Figure 6

The germ-to-soma boundary according to the classical view and the PriSC hypothesis. (A-C) The dotted blue and red lines depict the classical and the proposed germ-to-soma boundary respectively. The black line depicts the Weismann barrier. Green arrows depict the origin of new generations. Green boxes indicate the source of contributions to forthcoming generations. (A) In animals with unlimited PriSCs these are classically considered to be somatic, breaking the germline continuity.
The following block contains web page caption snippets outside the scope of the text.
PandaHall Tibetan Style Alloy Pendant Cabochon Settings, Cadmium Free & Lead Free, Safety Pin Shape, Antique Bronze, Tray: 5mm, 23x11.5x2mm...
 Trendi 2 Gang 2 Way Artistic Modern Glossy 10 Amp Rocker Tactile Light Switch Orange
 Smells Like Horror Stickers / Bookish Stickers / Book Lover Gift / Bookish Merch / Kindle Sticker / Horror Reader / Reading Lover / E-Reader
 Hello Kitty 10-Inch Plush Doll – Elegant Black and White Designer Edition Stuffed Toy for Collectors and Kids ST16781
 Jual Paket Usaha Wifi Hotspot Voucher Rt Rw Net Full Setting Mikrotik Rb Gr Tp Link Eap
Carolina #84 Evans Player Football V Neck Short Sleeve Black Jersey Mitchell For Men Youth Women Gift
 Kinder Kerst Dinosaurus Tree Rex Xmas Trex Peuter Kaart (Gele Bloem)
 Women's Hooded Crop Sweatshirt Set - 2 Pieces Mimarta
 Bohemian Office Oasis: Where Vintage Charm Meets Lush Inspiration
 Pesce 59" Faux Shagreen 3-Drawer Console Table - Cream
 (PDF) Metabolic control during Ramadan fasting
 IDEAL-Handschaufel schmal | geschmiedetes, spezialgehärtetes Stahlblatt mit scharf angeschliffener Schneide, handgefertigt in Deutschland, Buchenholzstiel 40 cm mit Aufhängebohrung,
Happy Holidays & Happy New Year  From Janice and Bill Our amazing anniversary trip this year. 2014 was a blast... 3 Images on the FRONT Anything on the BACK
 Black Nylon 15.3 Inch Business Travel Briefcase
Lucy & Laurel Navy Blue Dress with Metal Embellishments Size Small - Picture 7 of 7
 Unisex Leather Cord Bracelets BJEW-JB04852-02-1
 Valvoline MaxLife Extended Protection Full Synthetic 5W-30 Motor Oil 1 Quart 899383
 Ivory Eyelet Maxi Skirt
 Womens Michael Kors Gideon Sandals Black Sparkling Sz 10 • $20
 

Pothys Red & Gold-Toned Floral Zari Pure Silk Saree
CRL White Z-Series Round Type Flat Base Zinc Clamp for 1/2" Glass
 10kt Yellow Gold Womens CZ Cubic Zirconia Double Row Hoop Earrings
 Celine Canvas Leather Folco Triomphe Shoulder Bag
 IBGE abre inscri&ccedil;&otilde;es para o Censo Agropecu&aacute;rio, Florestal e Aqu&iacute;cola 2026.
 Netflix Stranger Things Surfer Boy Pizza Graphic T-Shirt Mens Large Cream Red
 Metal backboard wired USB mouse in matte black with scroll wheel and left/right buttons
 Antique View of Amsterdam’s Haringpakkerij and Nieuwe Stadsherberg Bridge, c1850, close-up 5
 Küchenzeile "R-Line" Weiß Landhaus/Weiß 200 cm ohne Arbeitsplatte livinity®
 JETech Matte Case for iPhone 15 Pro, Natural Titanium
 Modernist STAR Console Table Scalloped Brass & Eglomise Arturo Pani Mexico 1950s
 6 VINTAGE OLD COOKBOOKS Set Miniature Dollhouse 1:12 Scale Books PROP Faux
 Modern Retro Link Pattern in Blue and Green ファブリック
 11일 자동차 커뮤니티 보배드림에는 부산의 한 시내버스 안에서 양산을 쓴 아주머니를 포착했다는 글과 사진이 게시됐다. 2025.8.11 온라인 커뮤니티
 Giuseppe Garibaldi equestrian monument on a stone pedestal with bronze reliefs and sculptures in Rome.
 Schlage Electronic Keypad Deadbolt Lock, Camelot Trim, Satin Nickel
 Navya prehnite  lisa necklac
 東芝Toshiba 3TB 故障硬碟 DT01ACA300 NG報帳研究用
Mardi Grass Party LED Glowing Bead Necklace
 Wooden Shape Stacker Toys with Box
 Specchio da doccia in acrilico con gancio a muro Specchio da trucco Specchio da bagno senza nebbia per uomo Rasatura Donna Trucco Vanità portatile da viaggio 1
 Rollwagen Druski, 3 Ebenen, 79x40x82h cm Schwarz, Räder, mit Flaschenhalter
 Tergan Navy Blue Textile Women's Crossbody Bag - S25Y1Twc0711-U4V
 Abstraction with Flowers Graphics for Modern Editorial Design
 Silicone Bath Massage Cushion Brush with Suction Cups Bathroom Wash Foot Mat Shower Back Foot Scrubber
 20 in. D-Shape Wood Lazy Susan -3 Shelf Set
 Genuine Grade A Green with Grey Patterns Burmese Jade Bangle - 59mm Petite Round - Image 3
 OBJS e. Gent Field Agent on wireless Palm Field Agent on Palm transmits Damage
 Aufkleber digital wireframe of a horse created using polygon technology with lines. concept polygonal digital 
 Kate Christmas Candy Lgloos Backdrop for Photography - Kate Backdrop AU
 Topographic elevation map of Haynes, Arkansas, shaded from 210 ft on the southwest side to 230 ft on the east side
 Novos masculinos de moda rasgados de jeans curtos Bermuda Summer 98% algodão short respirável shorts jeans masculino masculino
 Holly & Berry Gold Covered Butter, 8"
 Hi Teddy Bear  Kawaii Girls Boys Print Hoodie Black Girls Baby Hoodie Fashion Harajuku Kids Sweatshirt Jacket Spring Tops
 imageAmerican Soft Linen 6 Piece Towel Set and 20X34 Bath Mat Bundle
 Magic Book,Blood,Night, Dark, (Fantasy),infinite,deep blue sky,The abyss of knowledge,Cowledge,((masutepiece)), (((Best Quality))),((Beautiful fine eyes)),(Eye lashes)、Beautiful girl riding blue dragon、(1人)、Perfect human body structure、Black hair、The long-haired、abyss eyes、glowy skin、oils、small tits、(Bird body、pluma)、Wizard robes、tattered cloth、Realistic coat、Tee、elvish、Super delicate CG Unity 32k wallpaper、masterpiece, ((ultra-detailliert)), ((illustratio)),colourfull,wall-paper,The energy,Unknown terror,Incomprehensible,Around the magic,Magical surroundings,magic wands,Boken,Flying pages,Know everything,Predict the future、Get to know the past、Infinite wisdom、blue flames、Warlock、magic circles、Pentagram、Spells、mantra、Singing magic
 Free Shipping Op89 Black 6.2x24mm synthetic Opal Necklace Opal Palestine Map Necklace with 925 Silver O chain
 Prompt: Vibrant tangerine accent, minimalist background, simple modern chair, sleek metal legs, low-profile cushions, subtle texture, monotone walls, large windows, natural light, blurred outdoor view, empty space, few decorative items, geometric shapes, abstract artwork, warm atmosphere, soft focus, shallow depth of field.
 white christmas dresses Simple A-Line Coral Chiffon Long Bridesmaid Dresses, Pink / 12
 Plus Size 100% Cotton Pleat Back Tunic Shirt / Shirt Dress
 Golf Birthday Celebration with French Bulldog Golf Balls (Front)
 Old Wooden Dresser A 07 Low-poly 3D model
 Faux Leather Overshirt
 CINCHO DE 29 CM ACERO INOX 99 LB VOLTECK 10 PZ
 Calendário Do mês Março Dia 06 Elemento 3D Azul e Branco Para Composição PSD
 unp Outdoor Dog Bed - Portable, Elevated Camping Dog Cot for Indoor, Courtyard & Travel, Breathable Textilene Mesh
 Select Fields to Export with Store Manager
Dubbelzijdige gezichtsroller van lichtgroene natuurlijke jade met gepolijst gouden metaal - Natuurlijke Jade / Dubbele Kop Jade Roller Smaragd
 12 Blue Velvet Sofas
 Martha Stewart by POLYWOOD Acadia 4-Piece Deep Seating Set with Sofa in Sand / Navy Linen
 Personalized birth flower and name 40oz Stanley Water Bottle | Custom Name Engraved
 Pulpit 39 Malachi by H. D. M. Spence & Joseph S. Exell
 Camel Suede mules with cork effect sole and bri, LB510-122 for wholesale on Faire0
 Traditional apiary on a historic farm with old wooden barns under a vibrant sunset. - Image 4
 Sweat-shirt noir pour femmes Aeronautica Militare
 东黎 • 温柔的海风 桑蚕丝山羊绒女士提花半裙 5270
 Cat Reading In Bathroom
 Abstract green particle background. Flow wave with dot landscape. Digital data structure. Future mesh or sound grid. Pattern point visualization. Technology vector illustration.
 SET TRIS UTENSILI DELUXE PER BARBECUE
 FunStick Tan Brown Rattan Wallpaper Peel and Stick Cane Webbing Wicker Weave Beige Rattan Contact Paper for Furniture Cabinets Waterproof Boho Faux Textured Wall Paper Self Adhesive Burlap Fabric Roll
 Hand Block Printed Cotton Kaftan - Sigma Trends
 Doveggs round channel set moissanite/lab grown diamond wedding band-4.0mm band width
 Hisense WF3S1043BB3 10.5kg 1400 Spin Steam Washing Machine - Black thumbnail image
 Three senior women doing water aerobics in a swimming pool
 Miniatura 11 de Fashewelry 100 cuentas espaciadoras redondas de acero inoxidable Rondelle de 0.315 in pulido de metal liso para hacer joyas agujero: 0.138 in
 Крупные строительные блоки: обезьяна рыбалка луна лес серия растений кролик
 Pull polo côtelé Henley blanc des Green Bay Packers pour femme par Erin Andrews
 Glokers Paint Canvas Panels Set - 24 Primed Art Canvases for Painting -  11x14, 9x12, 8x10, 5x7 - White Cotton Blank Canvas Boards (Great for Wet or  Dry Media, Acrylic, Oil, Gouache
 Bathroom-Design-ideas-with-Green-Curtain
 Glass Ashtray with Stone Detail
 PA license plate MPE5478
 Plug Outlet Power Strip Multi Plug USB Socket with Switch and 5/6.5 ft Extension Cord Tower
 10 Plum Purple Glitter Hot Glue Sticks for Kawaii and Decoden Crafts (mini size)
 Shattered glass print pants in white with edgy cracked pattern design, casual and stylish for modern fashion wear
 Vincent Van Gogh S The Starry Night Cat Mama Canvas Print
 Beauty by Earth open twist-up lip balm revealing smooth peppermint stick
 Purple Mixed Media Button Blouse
The proposed germ-to-soma boundary makes both germline and germ plasm continuous and consistent with the Weismann barrier. New generations originate by sexual reproduction (large green arrow) or by asexual reproduction (small green arrow). The PriSCs contribute to forthcoming generations by enabling regeneration after asexual division, by embryonically generating the GCs or by regenerating GCs if these are lost. (B) In animals with restricted PriSCs the classical germ-to-soma boundary has to separate the PriSCs according to their germ or somatic potential and similarly breaks the germline continuity. The proposed germ-to-soma boundary again makes both germline and germ plasm continuous and consistent with the Weismann barrier. New generations originate only by sexual reproduction and the PriSCs only contribute to forthcoming generations by generating GCs. It is still unclear if PriSCs can regenerate GCs if lost (question mark). (C) In animals with rudimentary PriSCs the classical germ-to-soma boundary coincides with the proposed germ-to-soma boundary and the Weismann barrier, with both a continuous germline and germ plasm. New generations originate only by sexual reproduction and the PriSCs only contribute to forthcoming generations by generating PGCs. GCs, germ cells; PGCs, primordial germ cells; PriSCs, primordial stem cells.